COSEP leaders such as Ramiro Gurdián continue accusing the Chamorro government of being pro-Sandinista. Behind such political rhetoric is economic conflict. The government wants to maintain state control of foreign commerce, a basic Sandinista reform, to stabilize the currency; COSEP and even the more progressive producers of the cotton bourgeoisie want to privatize it so as to have direct access to payment in hard currency. For their part, the Somocistas who return from Miami want to participate in a division of the state spoils, while the government wants to assure efficient production. The new land-rent decree aims at stimulating immediate planting; it stipulates that the state-held lands, once rented, cannot be sub-rented to other producers. Those who want land have to show their productive credentials as well as their political ones.
These multiple economic tensions with producers (the industrialists and cotton growers of COSEP and the more modern-thinking CORDENIC, those who come back from Miami; the small and medium growers in the Union of Farmers and Ranchers (UNAG) and outside of it, UNAG's Federation of Cooperatives and unorganized peasants), are perhaps more serious for the government than its conflict with the public employees. The Central Bank's encouraging planting estimates, based on credit requests, will—if true—have less than encouraging consequences when it comes time to pay for the harvests.

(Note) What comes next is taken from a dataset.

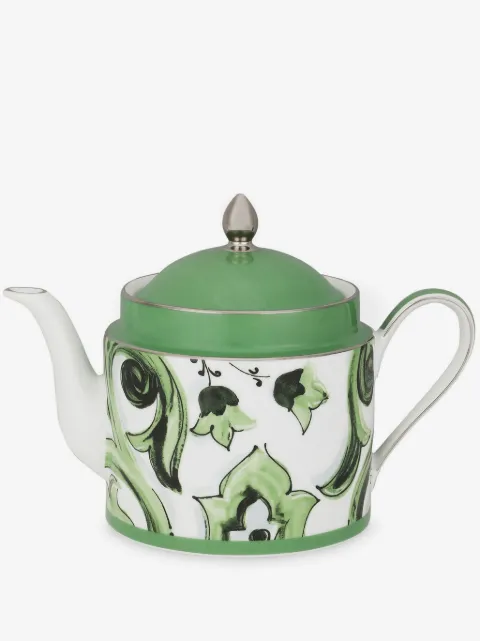 Dolce & Gabbana graphic-print teapot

Particularly during this liquidity crisis, demands from the agroexport sector and from the United States will be listened to before those of small and medium producers for the domestic market. In last place will be the needs of the peasant poor and the agricultural workers, although much will depend on their own militancy.
ConclusionThe end of the strike does not mean an end to conflict over the salary component of the economic program, much less to the larger conflict over where Nicaragua is headed. After only a month of UNO government, public employee posts are under threat; agrarian reform lands are under threat; the university autonomy law passed before the Sandinistas left office is under threat (the government is already taking control of research centers functioning under the university umbrella); and, neither last nor least, the once militarily thwarted contras are being treated as a force to be reckoned with.

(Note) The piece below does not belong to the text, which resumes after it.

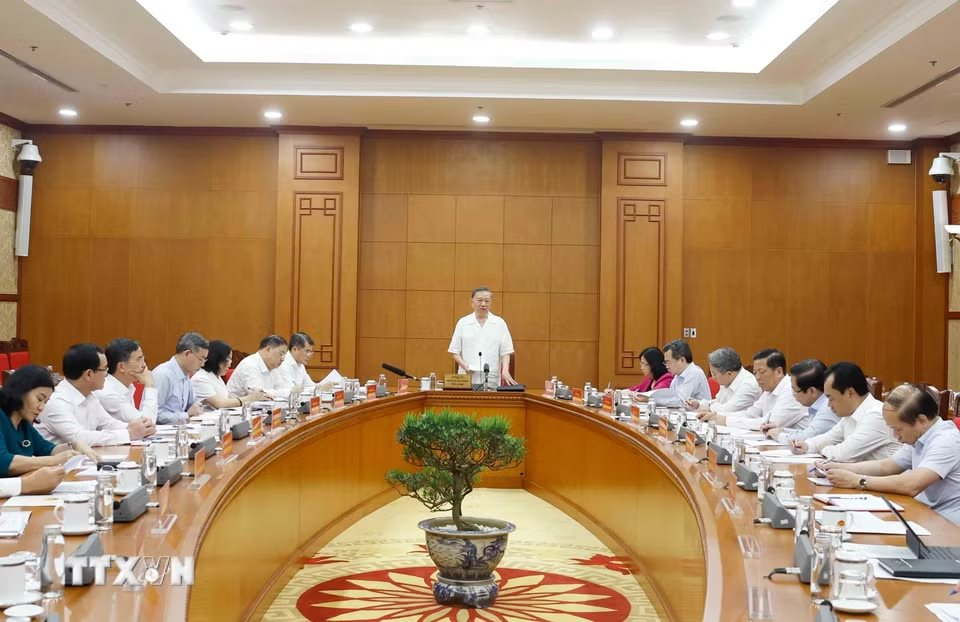Tổng Bí thư, Chủ tịch nước Tô Lâm: “Nhà là để ở chứ không phải để kinh doanh, tích sản”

There is less surprise inside Nicaragua about the direction the UNO government is moving in than about the speed at which it is moving there. What is coming next for Nicaragua is already here: a period of social and economic instability. At the center of this is the ever more fragile accord between the government and the Sandinista opposition, the increasing space the government is providing to the contras, and the radical response of growing numbers at all levels within the FSLN as the government makes its social alliances clear. The class conflicts so effectively controlled during the FSLN government's policy of national unity against US aggression are being uncorked.

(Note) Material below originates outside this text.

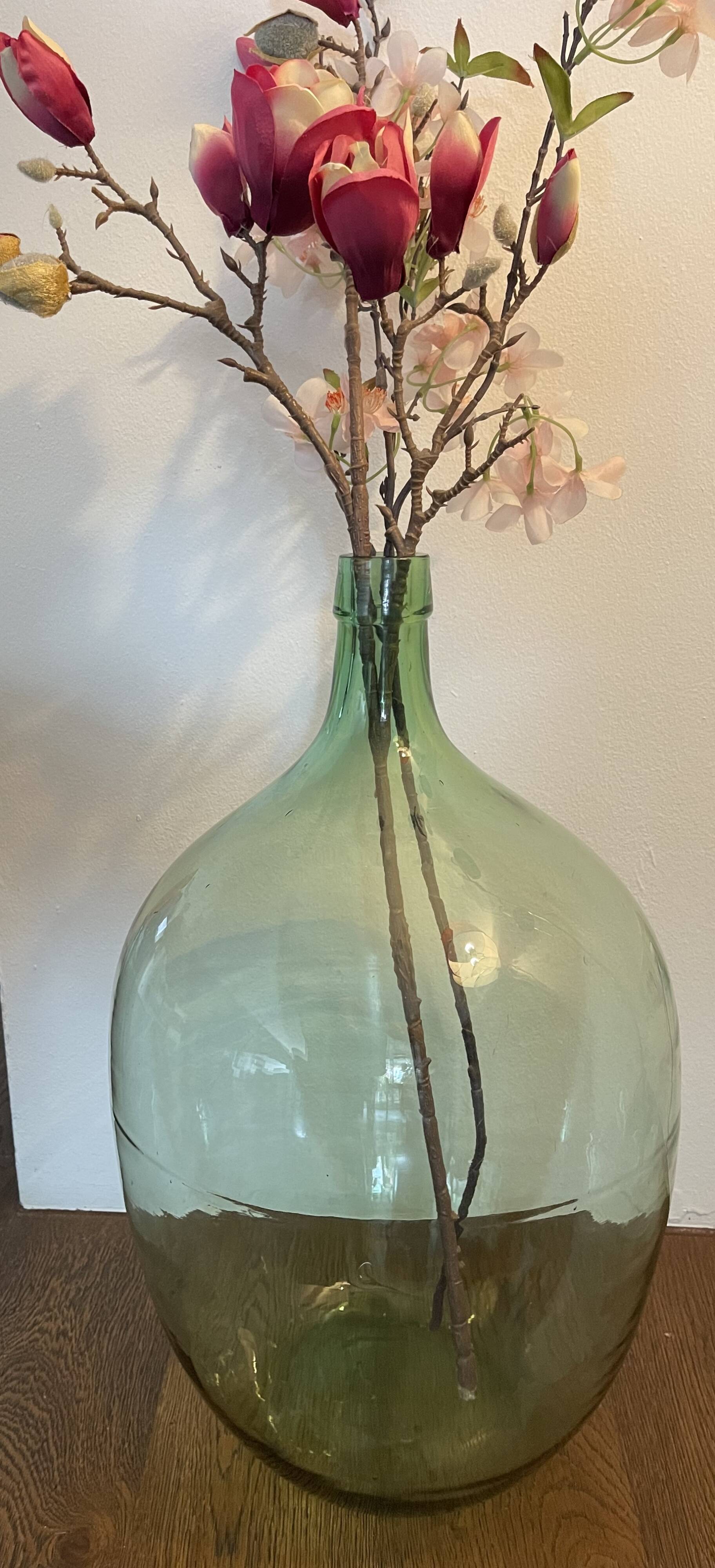30L demijohn blown glass 60 cm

The new challenges for the FSLN leadership are many. Having gone straight from being a political military organization to being the governing party, the FSLN now finds itself the major political opposition following an unanticipated electoral loss. In the real world of electoral politics, that could mean slow rollbacks of some of its achievements and a legitimate shot at recovering power in the next elections. In the surreal world of Nicaragua, it means that many of the forces whose power the FSLN has spent nearly 30 years and over 80,000 lives trying to eradicate have been kept on a life-line by the United States and are now determined, sooner or later, to eradicate the FSLN.
As a revolutionary opposition party in this new/old, real/surreal setting, the FSLN must redefine itself through a process of critical, but constructive, self-evaluation. Much about Nicaragua has changed. Workers and peasants are not the same illiterate, self-defined "animals" the Somoza dictatorship kept locked between the fear of repression and the somnambulance of paternalism. The FSLN leadership, criticized from within its own party and mass organizations for top-down styles, must find a new, more democratic way of incorporating the ideas and struggles that are now demanding to be expressed at the base level, enriching, modifying, but not endangering, the larger, more encompassing strategy envisioned at the leadership level. It will not be an easy process; it will require cool heads at all levels, in the midst of a very heated climate. But to the degree that both leadership and base can do so, the resistance of the working class and peasantry to the new government's plans will have greater weight and direction. All this, of course, if Nicaragua succeeds in getting past this extremely unstable stage.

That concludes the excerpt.